Given data →

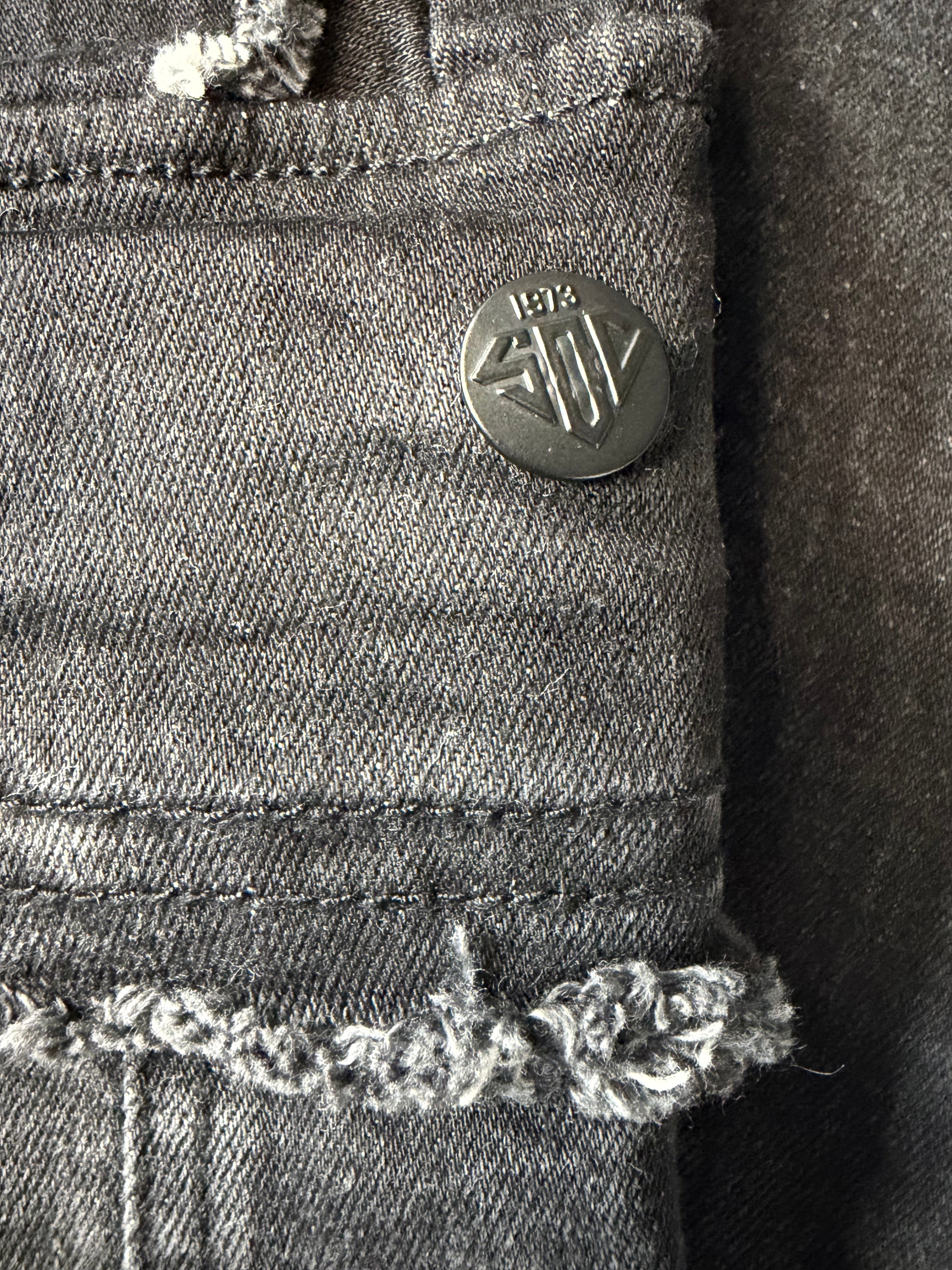 Detailed macro view of branded hardware on Stacked modern streetwear cargo jeans. Features a custom matte black metal shank button engraved with geometric logo text and a raw, distressed denim edge.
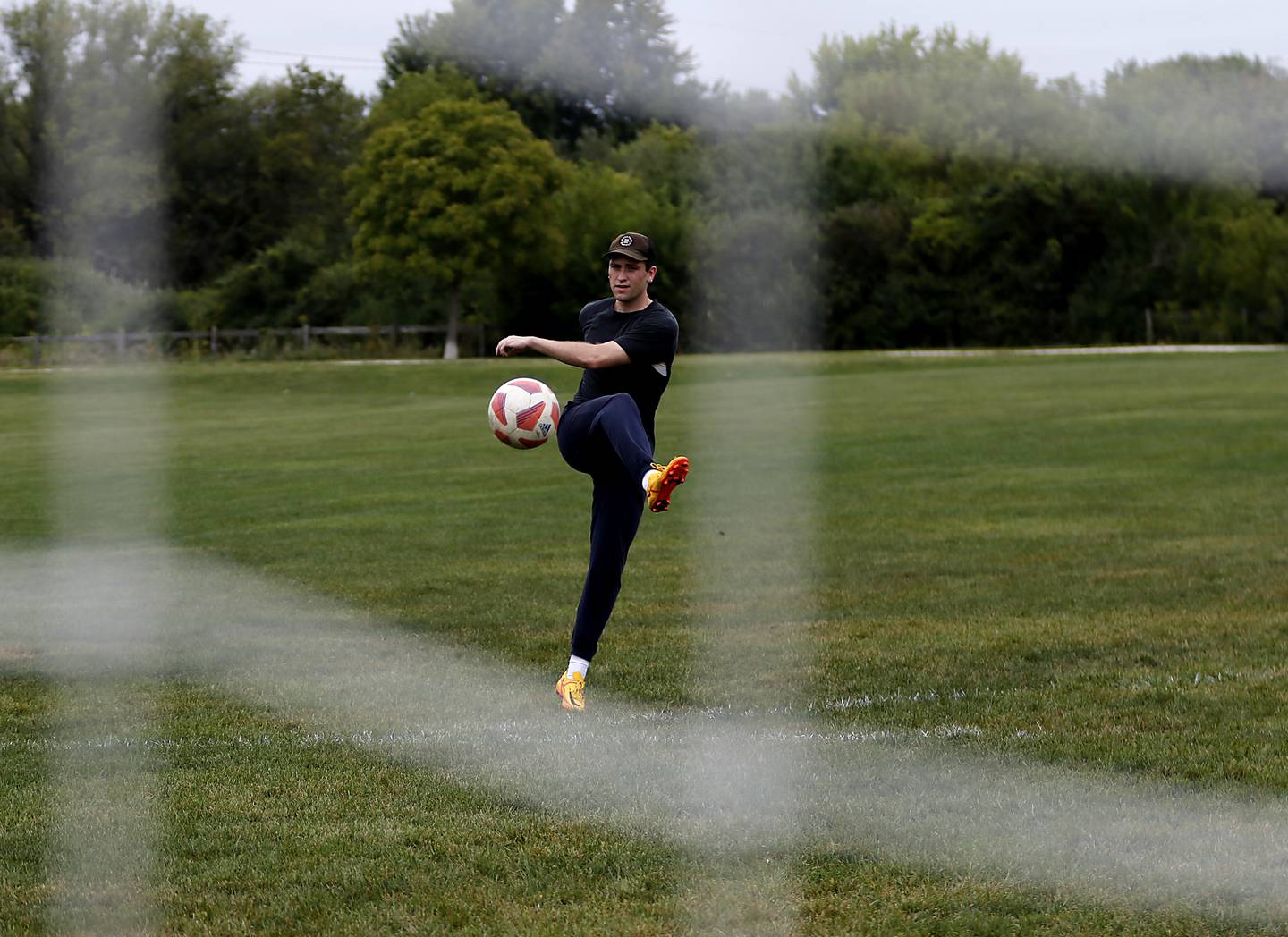 Hunter Gertz practices his kicking on Thursday, Aug. 29, 2024, at Tomaso soccer fields in Huntley. The Huntley Park District is asking residents to approve a $18 million bond referendum on the November 5, 2024, general election ballot to improve, equip and maintain the parks and facilities.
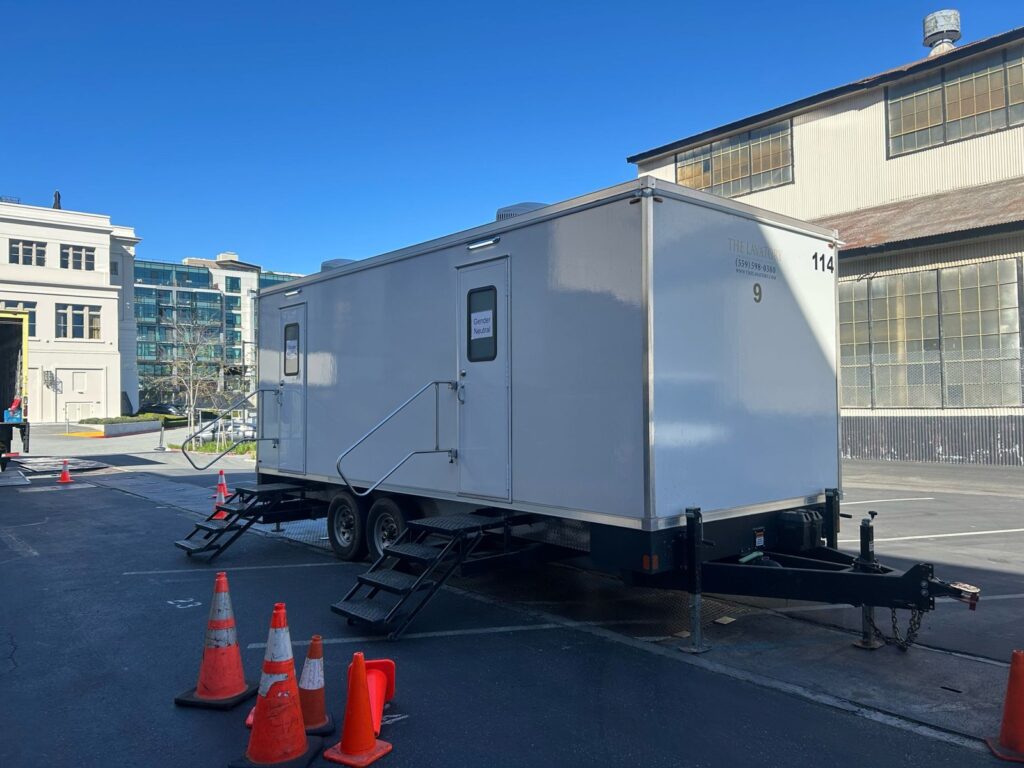 9-station bathroom trailer beside an industrial building with safety cones at the hitch, The Lavatory Los Angeles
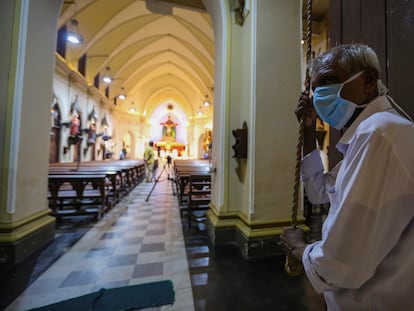 Un hombre con mascarilla hace sonar la campana en el inicio del domingo de Pascua en Colombo.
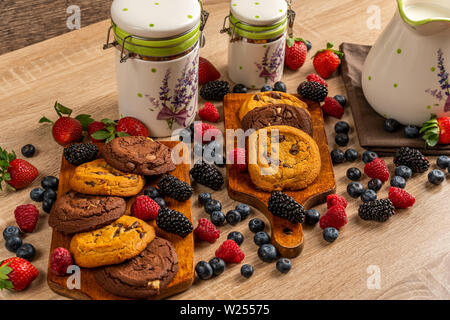 I biscotti al cioccolato su tavola di legno assortita con mix di frutti di bosco con recipienti di ceramica Foto Stock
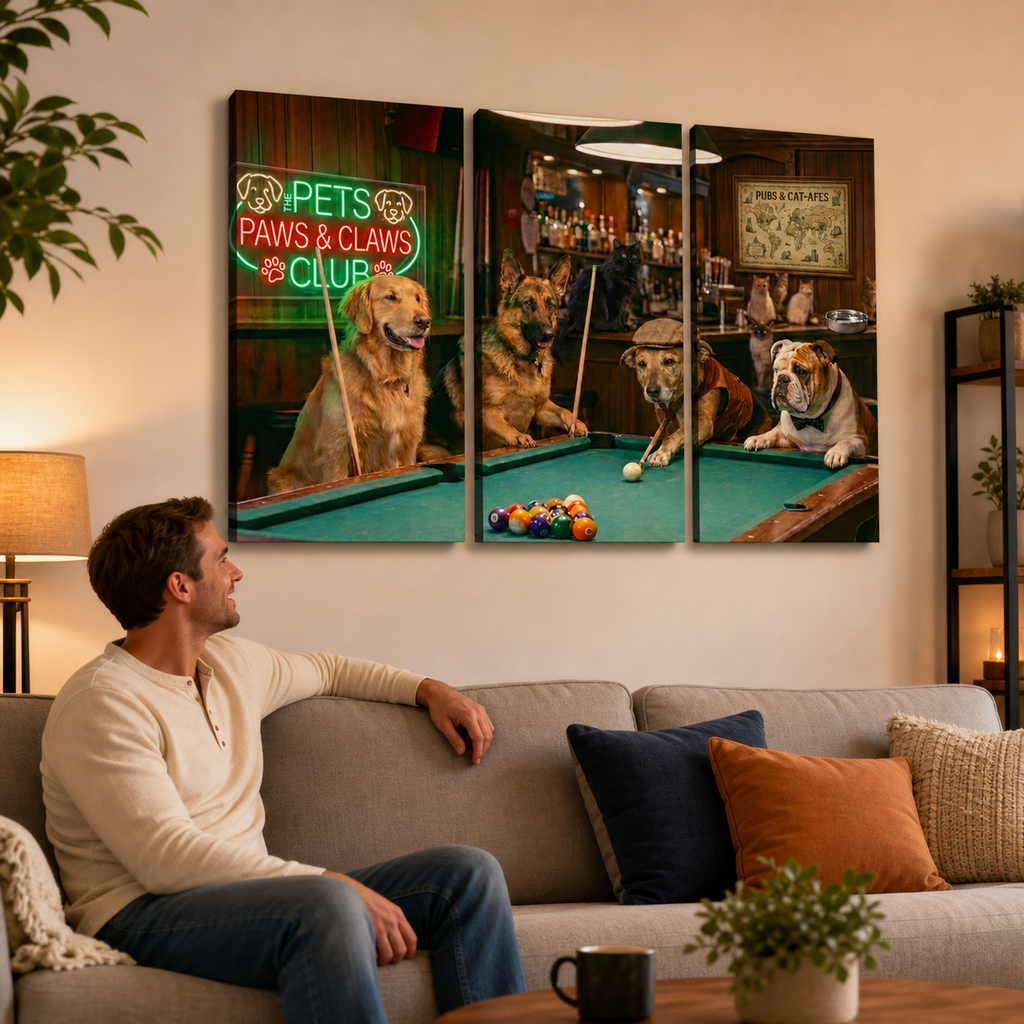 A man sits on a beige sofa in a living room, looking at a three-panel canvas wall art print depicting dogs playing pool in a bar scene. The print includes a neon sign reading 'Pets Paws & Claws Club'.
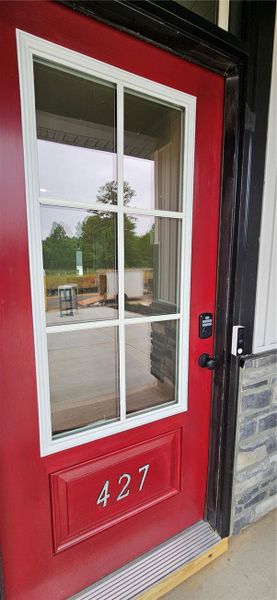An inviting entry door welcomes you home, boasting An inviting entry door welcomes you home, boasting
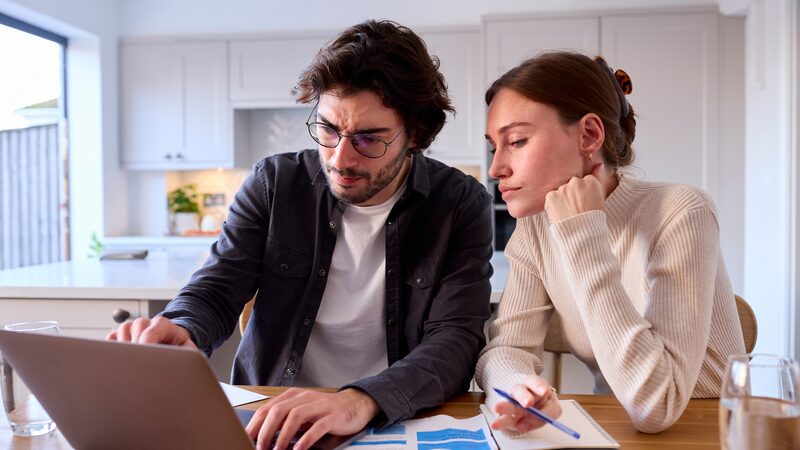 A couple sitting at a kitchen table looking at a laptop with energy bills and a notebook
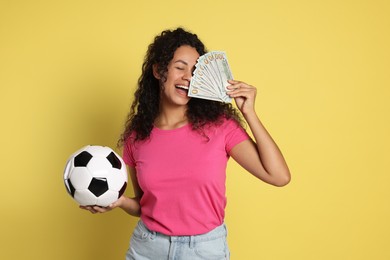 Photo of Happy woman with money and soccer ball on yellow background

Directions →
Every line from the one containing "A couple sitting" through the end of the records is to be returned exactly, and those lines alone; pictures are dropped.

Answer to the exercise →
 A couple sitting at a kitchen table looking at a laptop with energy bills and a notebook
 Photo of Happy woman with money and soccer ball on yellow background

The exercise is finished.